How softball is strategically played has changed through the years as well.
Laws said composite softball bats replaced wooden bats. This placed less emphasis on defensive strategy because with composite bats players attempt to hit home runs on every swing.
Laws said the equipment used has outpaced players’ abilities to play the game. The composite bats made with synthetic materials increased ball speed coming off the bat and players sometimes have trouble making plays in the field.
“The defensive part has disappeared,” Laws said. “It’s an offensive game. Now, it’s just ‘see who can knock the ball over the fence.’ ”
Laws said a recent report issued by the Sporting Goods Manufacturers noted that participation in softball has declined nationwide in the past five years by one-third.
“That’s a big drop,” Laws said. “Lots of sports have peaks and valleys and right now softball is in the valley.”
According to Recreation and Parks athletics supervisor Jessica Hicks, the department’s girls’ fast-pitch league remains strong with high participation. Hicks said she believed this was due in part because colleges offer scholarships for girls’ fast-pitch softball, driving demand for girls’ fast-pitch softball leagues.
Hicks and Laws agreed that decline in softball leagues also has been driven by less emphasis on team sports. Hicks said many opt to participate in sports that are individualistic such as running, or extreme sports including rock climbing.
Laws said the Baby Boomer generation helped spur the popularity of softball in the ’70s and ’80s and they are now not as active in the sport.

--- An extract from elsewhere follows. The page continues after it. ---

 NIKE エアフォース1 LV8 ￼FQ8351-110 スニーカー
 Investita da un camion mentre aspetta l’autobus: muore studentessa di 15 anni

The current generation of youth is more into playing electronic games and staying indoors, he said.
The leagues currently offered by the department include men’s softball, co-ed softball, Friday night church softball and girls’ leagues. The department also offers women’s softball leagues, but there weren’t enough teams to form a league for women in the fall.
Hicks said the women’s softball league will return in the spring. Most league members are from Burlington and Alamance County with a few players coming from Durham, Chapel Hill and Greensboro to participate this fall.
Burlington will serve as host for an Amateur Softball Association (ASA) men’s senior slow-pitch national tournament at City Park during Labor Day weekend.
Laws said Burlington first held a national softball tournament in 1966. There was a break in the city’s being host of national tournaments until 1979, and since then the city has been host to national softball tournaments almost every year.
The department’s fall league will continue through October with softball games played every week. Laws said softball games today are watched mostly by those connected directly to the games, including family members.
“Softball in its heyday was a big spectator sport,” Laws said. “People just came out for the entertainment value.”
Laws said it wasn’t uncommon to see spectators with no connection to the teams come out to watch. Laws said there were really good teams then that people just wanted to see.